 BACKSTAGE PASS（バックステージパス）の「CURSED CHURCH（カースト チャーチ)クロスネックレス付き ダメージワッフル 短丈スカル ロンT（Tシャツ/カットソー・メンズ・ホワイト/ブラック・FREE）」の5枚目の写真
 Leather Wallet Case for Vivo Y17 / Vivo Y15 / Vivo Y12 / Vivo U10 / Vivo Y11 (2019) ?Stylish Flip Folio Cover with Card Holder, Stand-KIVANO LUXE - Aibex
---
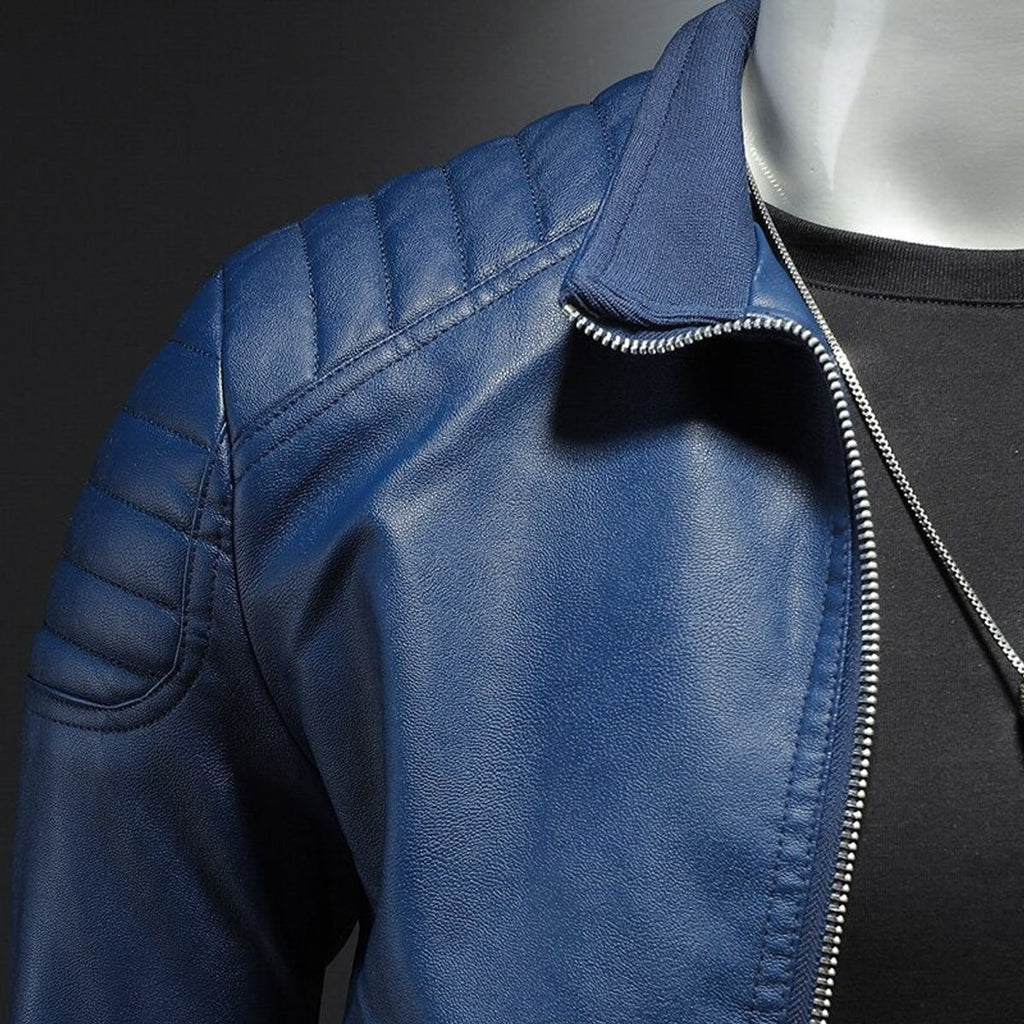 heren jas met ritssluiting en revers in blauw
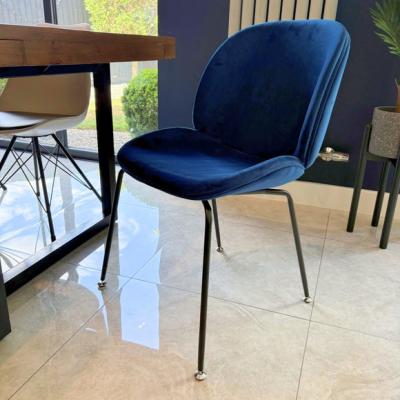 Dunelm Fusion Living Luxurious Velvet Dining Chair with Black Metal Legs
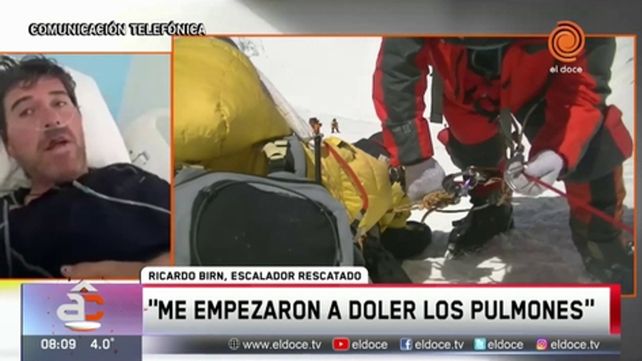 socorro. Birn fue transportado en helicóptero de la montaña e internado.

§ **What you should do**
In the listing above, find the line with "Dunelm Fusion Living" and the line with "socorro. Birn fue". Output both, plus every line between them, and no pictures.

§ **Completed exercise**
 Dunelm Fusion Living Luxurious Velvet Dining Chair with Black Metal Legs
 socorro. Birn fue transportado en helicóptero de la montaña e internado.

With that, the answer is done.